Zu diesen Zeiten führen wir Vorsorgen, Impfungen u. a. geplante Untersuchungen durch.

Akut erkrankte Patienten mit Fieber, Husten, Schnupfen, Hautausschlägen u. a.
werden nur am

  • Montagvormittag,
  • Dienstagnachmittag,
  • Mittwochvormittag und
  • Freitagvormittag

separat behandelt.

Als Praxis für Kinder- und Jugendmedizin/ Neuropädiatrie sind wir für euch und Sie da, wenn es um Vorsorge, Diagnostik und Behandlung von Kindern und Jugendlichen im Alter von 0 bis 18 Jahren geht. Bereits in den ersten Lebenstagen Ihres Babys stehen wir für Fragen und Probleme beratend zur Seite.

Auf den folgenden Seiten finden Sie Wissenswertes zu Impfungen sowie zur Gesundheit von Säuglingen, Kindern und Jugendlichen.

Aktuelles

Coronavirus – Handlungsempfehlungen und Informationen

Vermeiden Sie größere Veranstaltungen und Menschenansammlungen.

Kommen Sie nicht sofort wegen Husten und Fieber ihres Kindes in die Praxis, wenn es Ihrem Kind ansonsten nicht schlecht geht, dass heißt

  • Ihr Kind ausreichend trinkt,
  • das Fieber sich senken lässt,
  • Ihr Kind zwischenzeitlich spielt und
  • keine Komplikationen oder Risikofaktoren bestehen.

Eine AU (Arbeitsunfähigkeit der Eltern) zur Pflege des kranken Kindes zu Haus und notwendige Medikamente können wir telefonisch klären.

Vermuten Sie eine Ansteckung oder Kontakte zu Coronavirus-Erkrankten nutzen Sie unbedingt folgende Beratungen:

COVID-19 (Coronavirus SARS-CoV-2): Risikogebiete

Risikogebiete sind Gebiete, in denen eine fortgesetzte Übertragung von Mensch zu Mensch („ongoing community transmission“) vermutet werden kann. Um dies festzulegen, verwendet das Robert Koch-Institut verschiedene Indikatoren (u.a.
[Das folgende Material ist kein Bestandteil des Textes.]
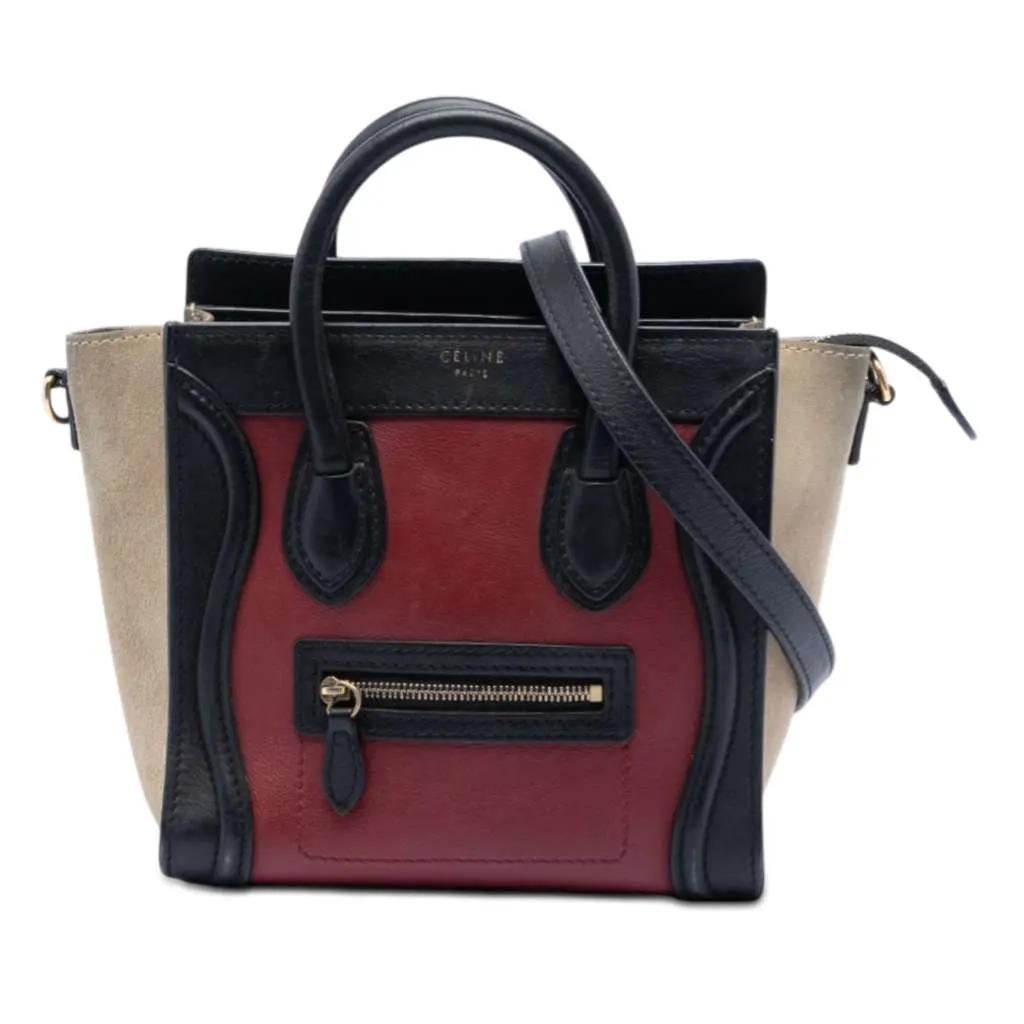 Celine Nano Tricolor Calfskin and Suede Luggage Tote Red Leather Very good - Front View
Erkrankungshäufigkeit, Dynamik der Fallzahlen).

Robert Koch Institut > COVID-19: Internationale Risikogebiete und besonders betroffene Gebiete in Deutschland 

Die Impfung gegen bestimmte Typen des Humanen Papillomavirus schützt nachweislich vor mehreren Typen des Gebärmutterhalskrebses, Krebsvorstufen im Anogenitalbereich und vor Genitalwarzen. 2 bzw. 3 Impfungen sind notwendig. Wir informieren euch.
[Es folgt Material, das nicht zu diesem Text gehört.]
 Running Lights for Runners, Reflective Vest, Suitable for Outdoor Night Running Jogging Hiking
HPV-Impfung auch für Jungen

Die Impfung gegen das Humane Papillomavirus (HPV) wird nun auch für Jungen empfohlen und ist eine Krankenkassenleistung.

Weitere Informationen zur HPV-Impfung 

In unser Praxis können wir Ihnen für Säuglinge, Kinder und Jugendliche ein modernes Amblyopie-Screening zur Früh-Erkennung von Fehlsichtigkeiten und Sehstörungen anbieten.

Beide Augen werden dabei gleichzeitig sekundenschnell unter realen Sehbedingungen gemessen.

Weitere Informationen und Wissenswertes zum „Amblyopie-Screening“

Wer als Erwachsener – geboren nach 1970 – keinen ausreichenden Masern-Impfschutz besitzt und nicht an Masern erkrankt war, sollte geimpft werden. Denn nicht vollständig geimpfte Erwachsene können Masern übertragen. Besonders gefährdet sind Säuglinge und nicht geimpfte Kinder.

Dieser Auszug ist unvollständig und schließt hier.